(Captioned web images)
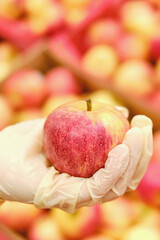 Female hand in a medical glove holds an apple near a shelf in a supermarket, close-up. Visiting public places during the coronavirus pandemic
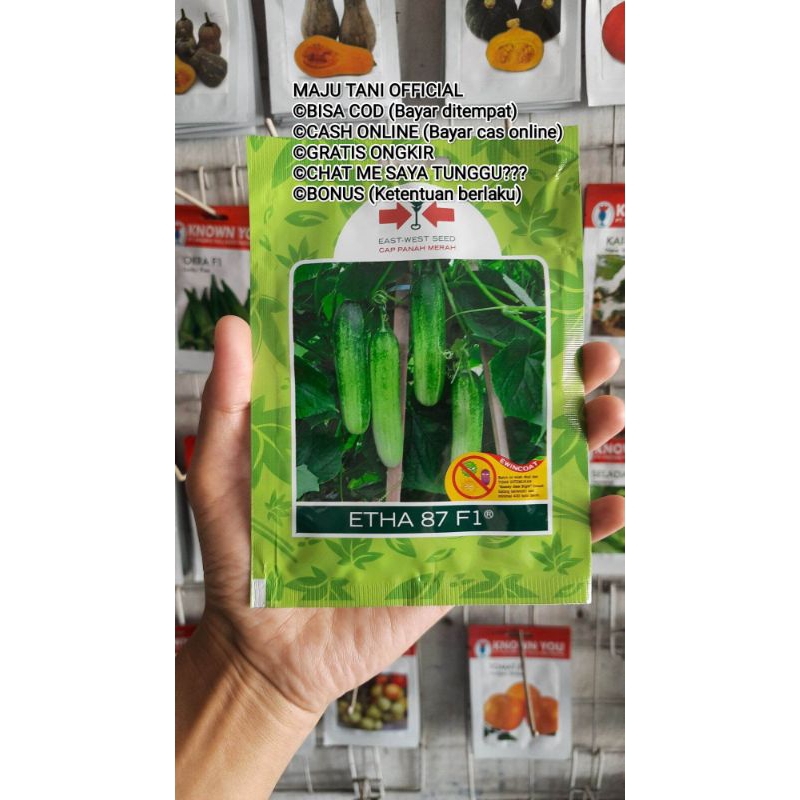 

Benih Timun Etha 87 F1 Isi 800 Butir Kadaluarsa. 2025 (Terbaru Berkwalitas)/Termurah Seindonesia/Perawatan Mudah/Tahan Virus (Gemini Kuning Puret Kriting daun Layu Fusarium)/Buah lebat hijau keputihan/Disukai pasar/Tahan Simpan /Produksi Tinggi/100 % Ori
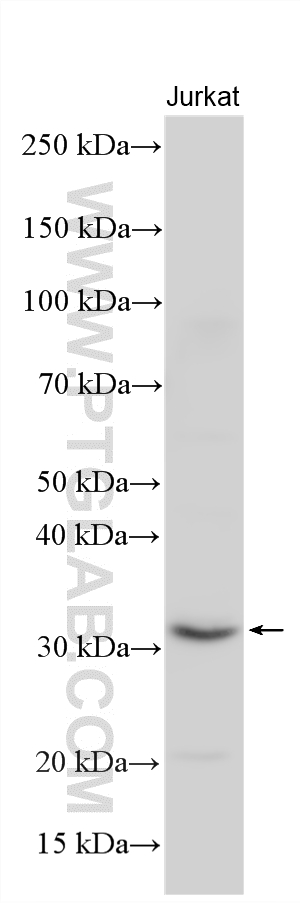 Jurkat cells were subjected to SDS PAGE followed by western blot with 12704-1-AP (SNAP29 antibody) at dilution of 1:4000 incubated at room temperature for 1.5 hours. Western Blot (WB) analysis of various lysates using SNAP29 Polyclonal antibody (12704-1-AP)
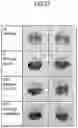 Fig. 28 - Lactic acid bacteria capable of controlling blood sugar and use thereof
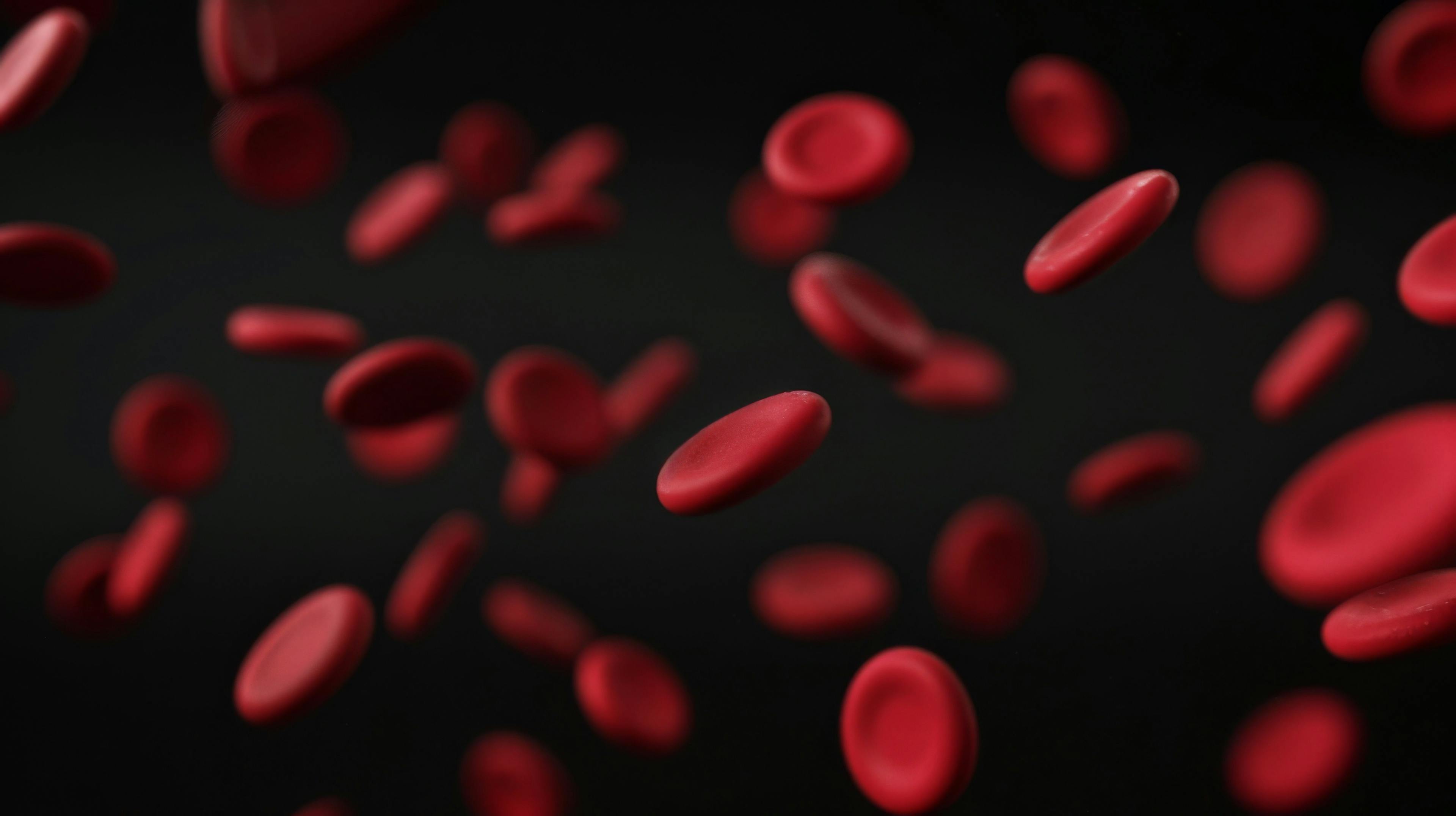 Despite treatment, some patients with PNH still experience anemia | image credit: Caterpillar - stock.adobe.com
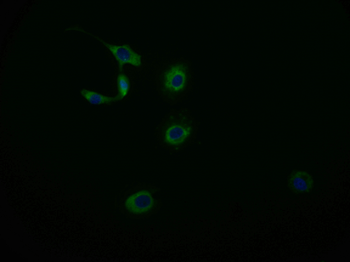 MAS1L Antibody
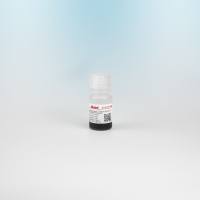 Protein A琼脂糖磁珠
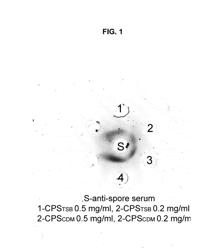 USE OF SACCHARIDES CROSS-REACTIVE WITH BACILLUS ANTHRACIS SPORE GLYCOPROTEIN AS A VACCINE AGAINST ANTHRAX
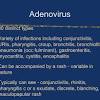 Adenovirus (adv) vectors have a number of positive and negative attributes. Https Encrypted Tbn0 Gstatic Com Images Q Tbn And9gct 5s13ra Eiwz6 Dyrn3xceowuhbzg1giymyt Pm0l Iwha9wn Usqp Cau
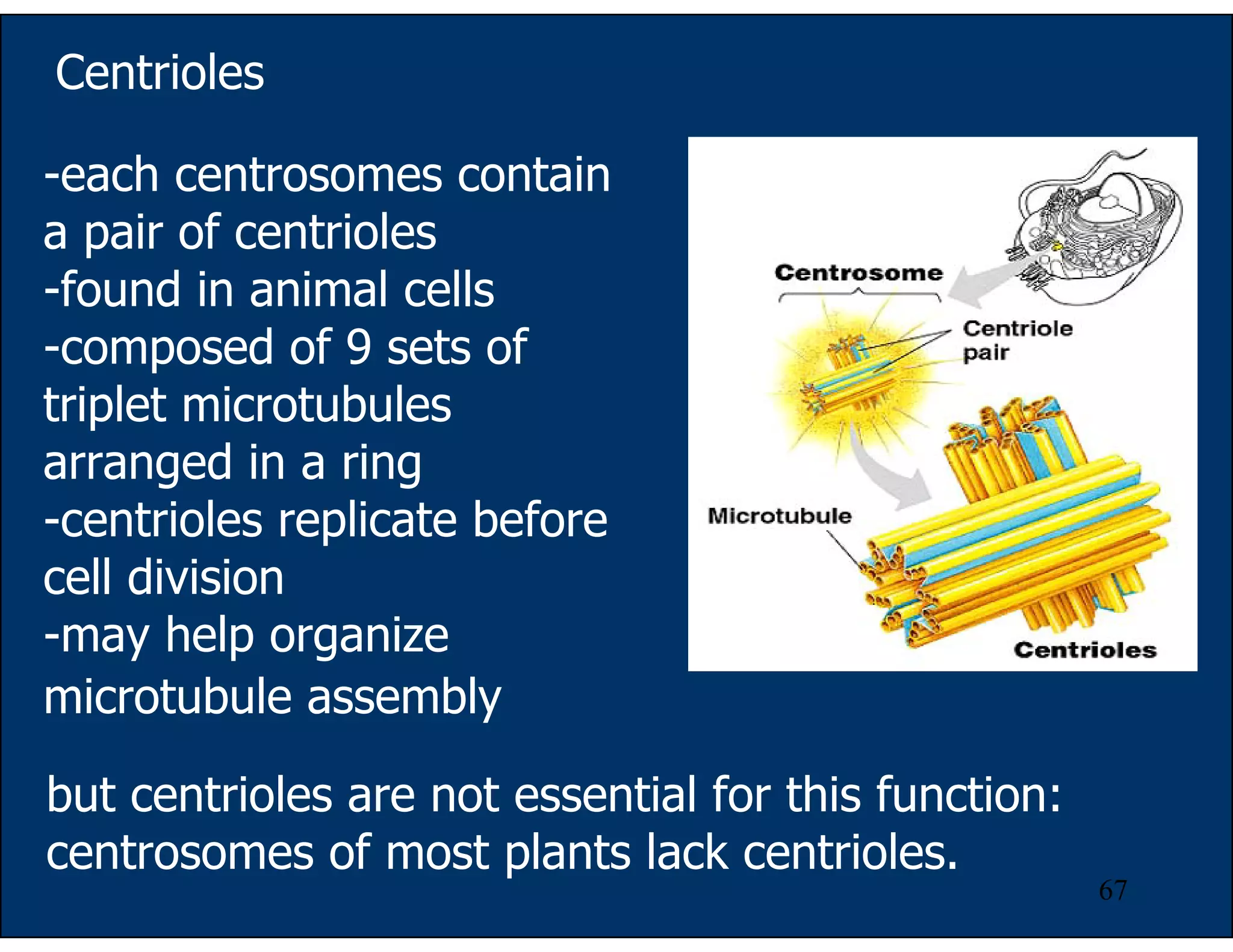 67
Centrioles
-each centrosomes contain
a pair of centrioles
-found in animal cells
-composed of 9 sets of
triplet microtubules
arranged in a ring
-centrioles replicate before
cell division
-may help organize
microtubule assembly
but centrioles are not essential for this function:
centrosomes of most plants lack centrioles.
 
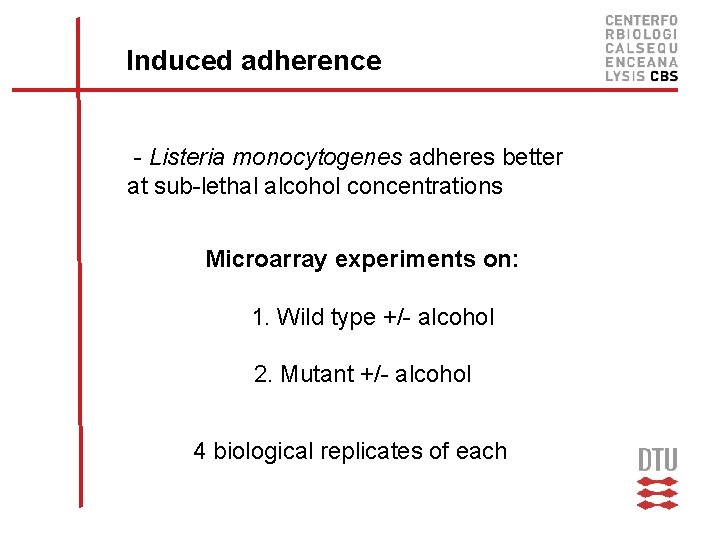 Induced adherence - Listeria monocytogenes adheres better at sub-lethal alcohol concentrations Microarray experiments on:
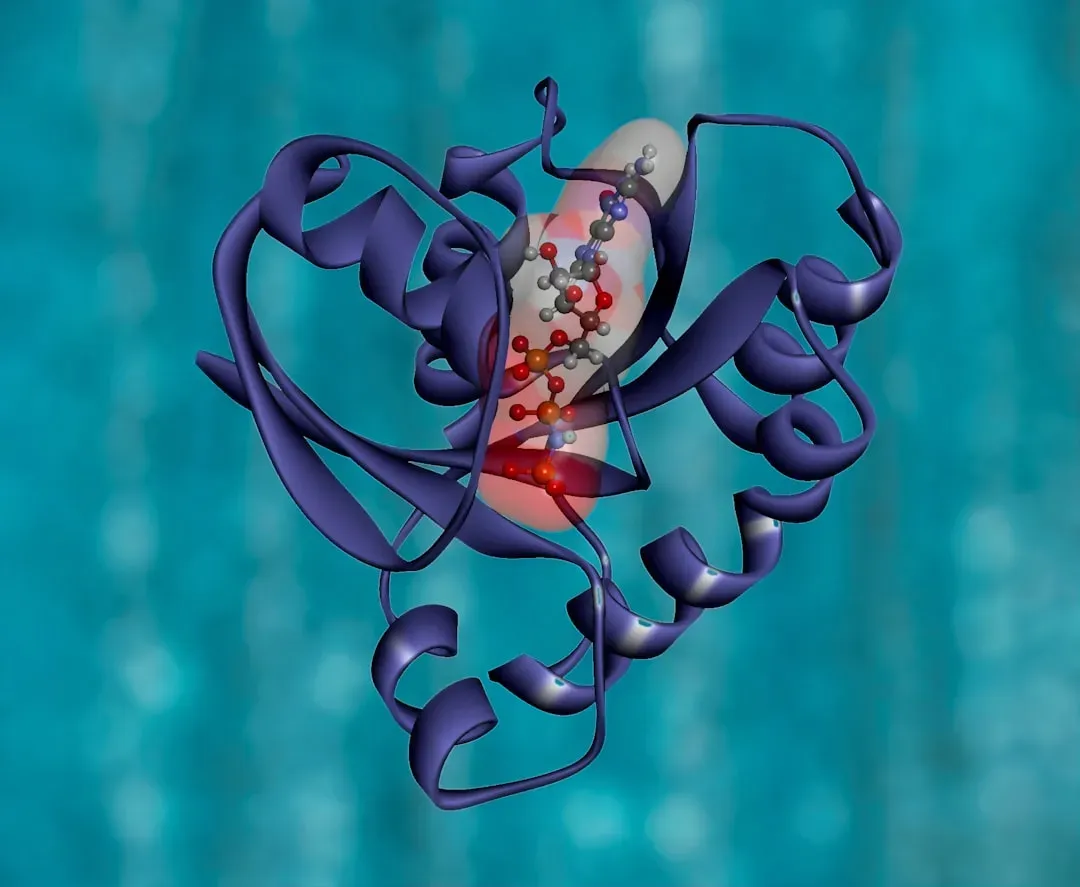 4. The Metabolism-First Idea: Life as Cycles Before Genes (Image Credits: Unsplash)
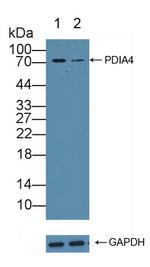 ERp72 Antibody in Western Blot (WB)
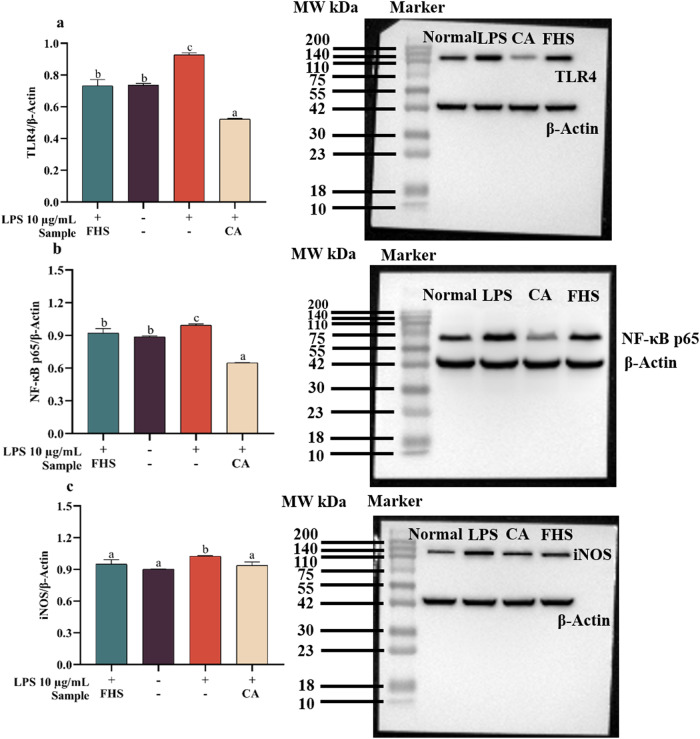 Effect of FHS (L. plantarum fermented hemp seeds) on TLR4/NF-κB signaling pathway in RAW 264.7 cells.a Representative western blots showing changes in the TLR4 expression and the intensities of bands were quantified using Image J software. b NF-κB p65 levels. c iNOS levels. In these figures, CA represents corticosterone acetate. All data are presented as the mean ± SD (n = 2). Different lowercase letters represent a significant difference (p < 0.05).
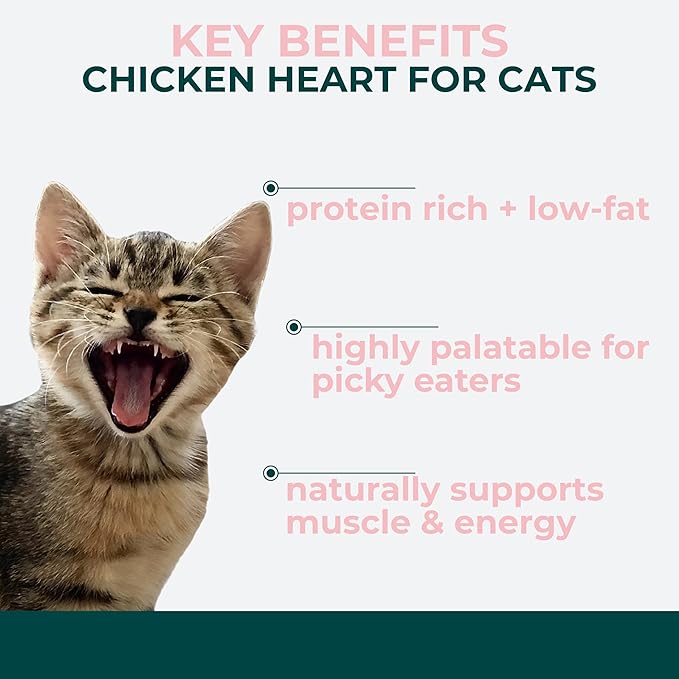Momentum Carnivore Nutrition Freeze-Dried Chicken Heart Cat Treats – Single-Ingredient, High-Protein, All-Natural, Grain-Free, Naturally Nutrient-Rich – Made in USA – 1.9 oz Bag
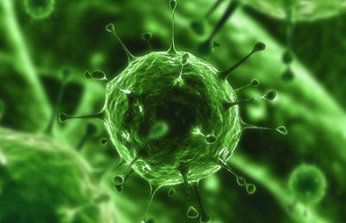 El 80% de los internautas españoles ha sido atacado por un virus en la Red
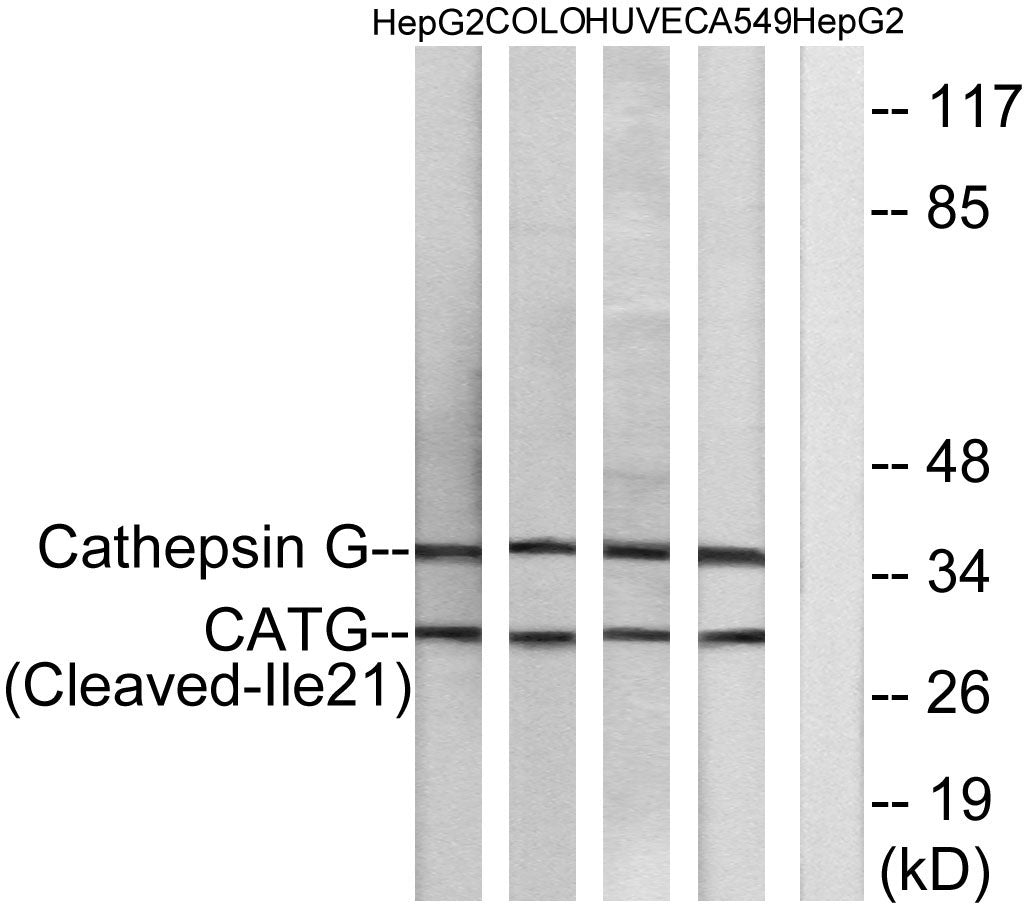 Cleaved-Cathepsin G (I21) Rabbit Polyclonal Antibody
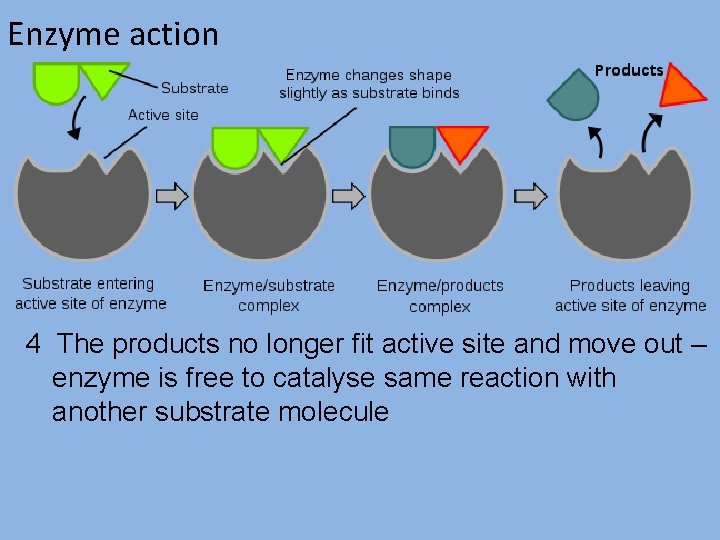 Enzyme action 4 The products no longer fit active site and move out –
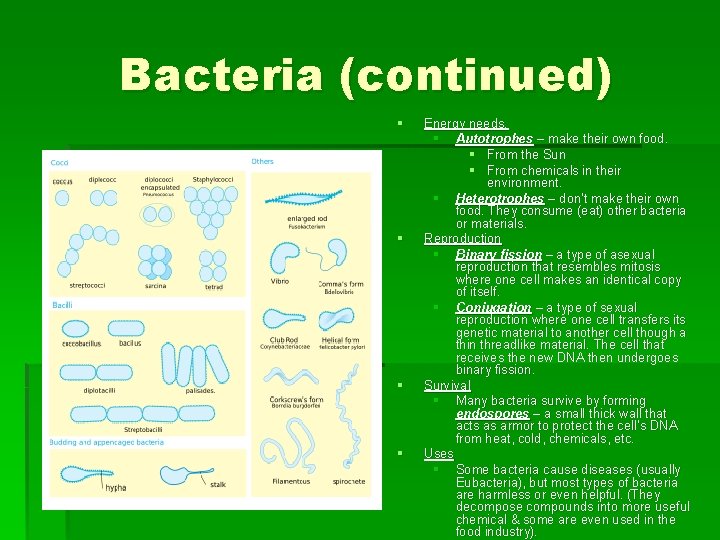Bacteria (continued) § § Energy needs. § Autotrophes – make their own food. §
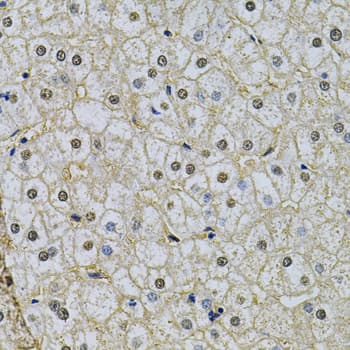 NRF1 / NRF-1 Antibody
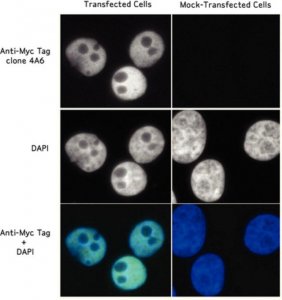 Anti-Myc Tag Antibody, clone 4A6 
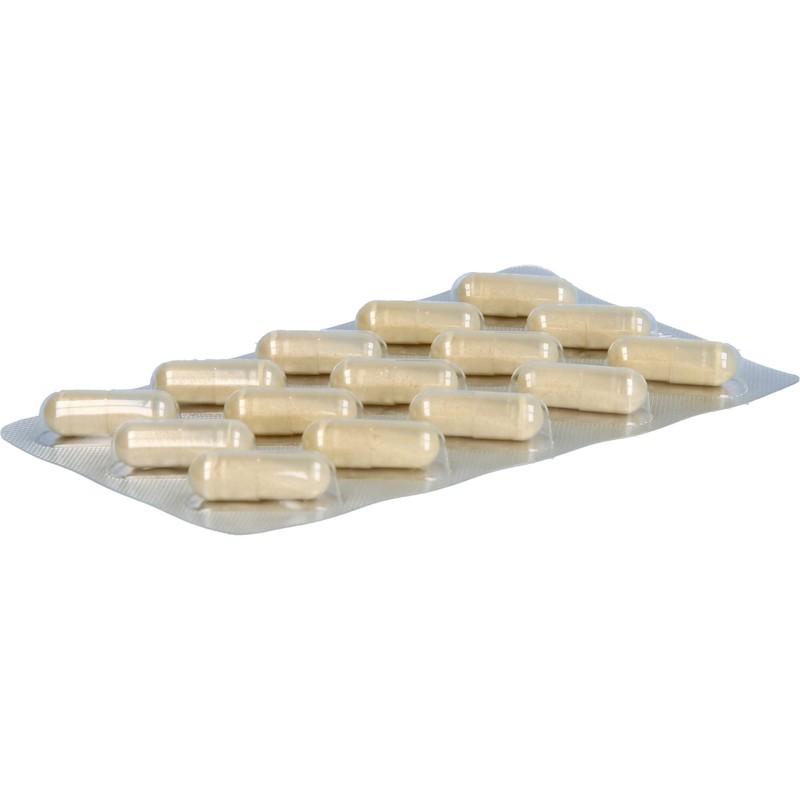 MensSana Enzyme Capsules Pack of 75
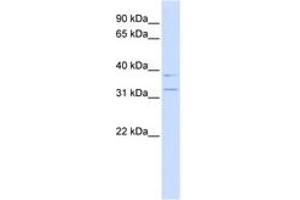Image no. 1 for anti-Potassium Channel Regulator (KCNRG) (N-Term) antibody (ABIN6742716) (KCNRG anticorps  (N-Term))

* [TASK TO COMPLETE] What you return must be every entry, word for word, without any pictures.

* [ANSWER TO THIS TASK]
 Female hand in a medical glove holds an apple near a shelf in a supermarket, close-up. Visiting public places during the coronavirus pandemic

Benih Timun Etha 87 F1 Isi 800 Butir Kadaluarsa. 2025 (Terbaru Berkwalitas)/Termurah Seindonesia/Perawatan Mudah/Tahan Virus (Gemini Kuning Puret Kriting daun Layu Fusarium)/Buah lebat hijau keputihan/Disukai pasar/Tahan Simpan /Produksi Tinggi/100 % Ori
 Jurkat cells were subjected to SDS PAGE followed by western blot with 12704-1-AP (SNAP29 antibody) at dilution of 1:4000 incubated at room temperature for 1.5 hours. Western Blot (WB) analysis of various lysates using SNAP29 Polyclonal antibody (12704-1-AP)
 Fig. 28 - Lactic acid bacteria capable of controlling blood sugar and use thereof
 Despite treatment, some patients with PNH still experience anemia | image credit: Caterpillar - stock.adobe.com
 MAS1L Antibody
 Protein A琼脂糖磁珠
 USE OF SACCHARIDES CROSS-REACTIVE WITH BACILLUS ANTHRACIS SPORE GLYCOPROTEIN AS A VACCINE AGAINST ANTHRAX
 Adenovirus (adv) vectors have a number of positive and negative attributes. Https Encrypted Tbn0 Gstatic Com Images Q Tbn And9gct 5s13ra Eiwz6 Dyrn3xceowuhbzg1giymyt Pm0l Iwha9wn Usqp Cau
 67
Centrioles
-each centrosomes contain
a pair of centrioles
-found in animal cells
-composed of 9 sets of
triplet microtubules
arranged in a ring
-centrioles replicate before
cell division
-may help organize
microtubule assembly
but centrioles are not essential for this function:
centrosomes of most plants lack centrioles.
 
 Induced adherence - Listeria monocytogenes adheres better at sub-lethal alcohol concentrations Microarray experiments on:
 4. The Metabolism-First Idea: Life as Cycles Before Genes (Image Credits: Unsplash)
 ERp72 Antibody in Western Blot (WB)
 Effect of FHS (L. plantarum fermented hemp seeds) on TLR4/NF-κB signaling pathway in RAW 264.7 cells.a Representative western blots showing changes in the TLR4 expression and the intensities of bands were quantified using Image J software. b NF-κB p65 levels. c iNOS levels. In these figures, CA represents corticosterone acetate. All data are presented as the mean ± SD (n = 2). Different lowercase letters represent a significant difference (p < 0.05).
Momentum Carnivore Nutrition Freeze-Dried Chicken Heart Cat Treats – Single-Ingredient, High-Protein, All-Natural, Grain-Free, Naturally Nutrient-Rich – Made in USA – 1.9 oz Bag
 El 80% de los internautas españoles ha sido atacado por un virus en la Red
 Cleaved-Cathepsin G (I21) Rabbit Polyclonal Antibody
 Enzyme action 4 The products no longer fit active site and move out –
Bacteria (continued) § § Energy needs. § Autotrophes – make their own food. §
 NRF1 / NRF-1 Antibody
 Anti-Myc Tag Antibody, clone 4A6 
 MensSana Enzyme Capsules Pack of 75
Image no. 1 for anti-Potassium Channel Regulator (KCNRG) (N-Term) antibody (ABIN6742716) (KCNRG anticorps  (N-Term))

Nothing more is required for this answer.